Talibam w/ Uncle Woody Sullender on Avant Banjo Blues and Special Guests

Fri 27 Jan, 2006, 8pm

Talibam performs with Uncle Woody Sullender on avant banjo blues and special guests guitarist Chris Forsyth (peeesseye), drummer Mike Pride (Dynamite Club, Fushitsusha, etc), and Michael Evans (one man percussion wonder).

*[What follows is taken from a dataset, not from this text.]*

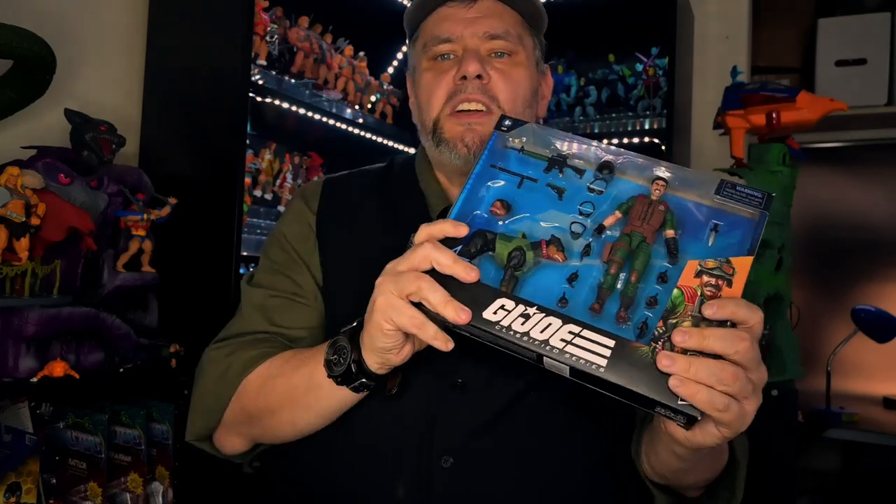Hey everybody, it's Joel from Talking Toys, and today we are back with another great toy review. Today we are going to look at number 113, Junkyard Mutt, from the G.I. Joe Classified Series. This is my favorite character from the G.I. Joe Series to begin with, and to have him in a classified six-inch line is exciting. So let's go ahead and check this out and see what makes this figure such a great find.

Talibam: Think Media Dream-vintage Sun Ra organ blow-outs locking in with saxophone feedback and a single Plunderphonic-ed Keith Moon drum fill for 40 minutes. Or, imagine Andy Kaufman sitting in on keyboards with Borbetomagus at next year’s ABC No Rio benefit.

Whoa.

Talibam is three people. Matt Mottel’s visage should be familiar to anyone who’s been going to shows in NYC in the past 8 years. He’s been hanging around NYC clubs since he was like 16, and dropping electric mind bombs with his synthesizer in those clubs nearly as long. Kevin Shea’s drumming and stage gymnastics have been gazed at with wide wonder through his membership in bands like Storm & Stress (Touch & Go), Coptic Light (No Quarter), and People (I and Ear). And Ed Bear plays the baritone saxophone like ron Asheton, and lives in his girlfriend’s dorm room at Bard College.

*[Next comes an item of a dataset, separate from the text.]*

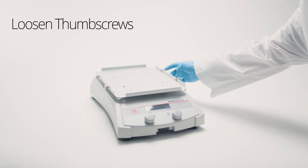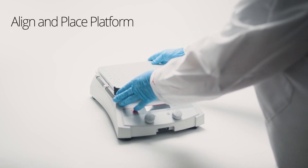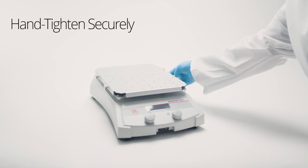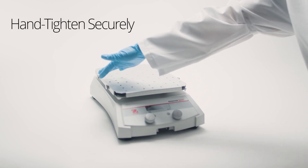Loosen the four thumbscrews on the shake tray. Align the platform slots with the thumbscrews and let it rest on them. Tighten the four thumbscrews without overdoing it. This unlocks a whole range of configurations.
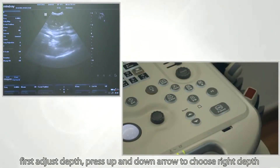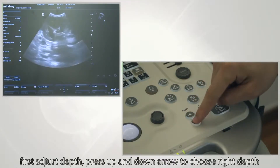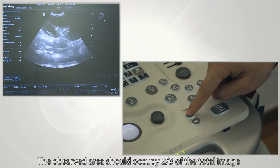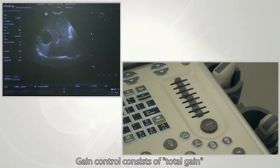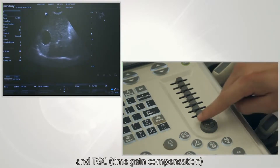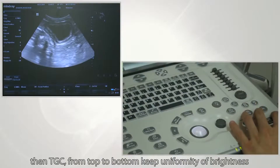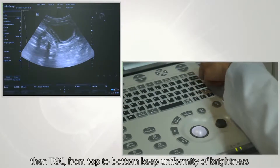To adjust depth, press the up and down arrows to choose the right depth. The observed area should occupy two-thirds of the total image. Gain control consists of total gain and TGC, which means time gain compensation. First adjust total gain to make sure the image is not too bright or too dark. Then adjust TGC from top to bottom.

Under the not-so-clever moniker of Uncle Woody Sullender, Woody Wullender performs improvised banjo music, playing with and against the cultural symbol of his chosen instrument. While alluding to the “traditional” musics of his home states of Virginia and North Carolina, he explores a diverse plane of plucked string music from around the world as well as incorporating punk, noise, free jazz, etc. In 2004, he collaborated with sound artist Maryanne Amacher, incorporating his banjo recordings into “TEO! A sonic sculpture” which won the Golden Nica at Ars Electronica. Although heavily involved in Chicago’s free improvisation community, this is Sullender’s first solo performance in New York since recently relocating to Brooklyn.